# Short story of deprofundis and ordering classical, at least im honnest, pls read



## deprofundis (Apr 25, 2014)

Ockay here what happen, i receive 3 copy from dominique phinot brabant ensermble , because like a fool or distraction i mark 2 in quantity, at least they were paids and seller said you can ship it back to us in U.K we will refunded the extra copy (thanks presto classical) good service , your so kind, these brittish are classy..

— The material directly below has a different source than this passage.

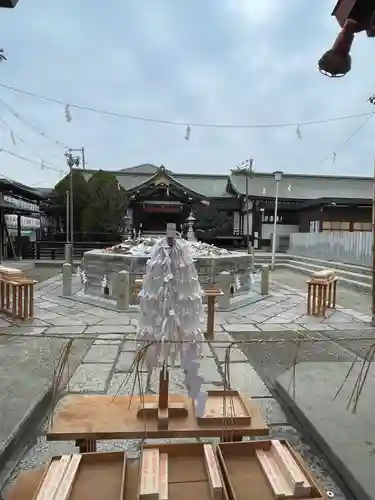 石切劔箭神社のその他建物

Than since i had principle to, has i dont rip off people i dont accept a cd i did not pay for when i order at ebay or amazon, so i received an extra copy of Dominique Phinot, and panic whit these 3 copy one i wont to keep two i had to reship one urgent(australia)private ebay sellersince im honnest and dont rip off people, the other phinot copy of presto is paid thank god , so perhaps i will keep it or give it to a friend Joe thee drummer it's is aaka, my good friend from scottland i gave im 5 cd recently one extra Pierre Moulu paid and carmina burana medieval on naxos , since ipreffer the brilliant cd rendition of the medieval work, and also i gave him 3 other cd a gesualdo antiphon and responsory i had in double and pierre de la rue on naxos called missa of the blessed virgin of something... too long to remenber right now, and Adrian Willaert on naxos (also i had this in double). so i gave my friend good buddy joe these cd , and he was like thanks and i re assured him you dont have to pay me back or own me anything a gift is a giift , dont worries.

This is about human nature this post and classical , ordering gone wrong tthat people settle.

You know what i called ebay, and they thanks me so mutch for my honnesty, i said to them no problem madam , im not a fraud or a thief, i dont rip of people ,, i send it back as soon as pôssible today, it cost me 13$ shipping since australia far away, but im proud of myself, and feel whit all modesty i done the right thing..

Regards to you all , lady & gentelmen, deprofundis has principles


----------